Figuring it was better to sacrifice him now, while he would still be edible, not futilely shot up with antibiotics, I called my British friend who always tells me how much he likes mutton. He wasn’t interested in the four-month-old lamb, but he said he’d call around for me.

The housekeeper arrived, and I asked her if she knew anyone who would like to butcher and eat a lamb . . .yes, he did. I asked her to call the man. As she sat down to dial the telephone, she offered to call the vet to see if anything could be done.

Unbelievably, the vet said to bring Napoleon in, since from the housekeeper’s description, it sounded to him as if the break could be easily fixed with a cast.

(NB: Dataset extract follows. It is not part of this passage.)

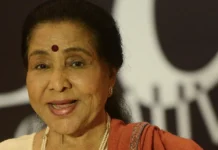 Morre Asha Bhosle, voz lendária de Bollywood, aos 91 anos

I went across the road and grabbed Roger out of his vineyard. He drove his Deux Chevaux over. I carried Napoleon out of the pasture and Roger and I put him in the truck. I followed behind Roger, smiling at how cute the sheep was looking out of the back window of the Deux Chevaux.

As luck would have it, the handsome vet was assigned to our case. I sat in the examining room with the sheep across my lap. I was wearing shorts. The vet was in a side room making preparations. Napoleon’s was upright. I had his stomach balanced across my two legs. Embarrassingly, he developed an enormous erection that pressed up against my leg. In polite French-fashion, both Roger and I ignored the phenomenon and gallantly made awkward small talk.

The erection persisted until the vet finally arrived and gave Napoleon a shot to sedate him. We lifted Napoleon up onto the operating table, and the vet stretched Napoleon out and tied him up. The vet is very adept at tying knots. As he was tying one of the ropes to a hook in the wall, I asked him if he had read the writings of his fellow Frenchman the Marquis de Sade. “Why, because I can tie knots?” he asked, laughing softly. Roger laughed. I like it when I can make a joke that the French understand.

Napoleon is now in the barn. He’s to be kept isolated for a while so he doesn’t run around. He gets his cast off in a month.

Today’s lesson in living: all of us are alive only because of the kindness of others. So if you get fed up with the world, and its injustice, remember that life itself is an affirmation that there is much more good than evil in the world. (Can’t believe I came to that conclusion!!!)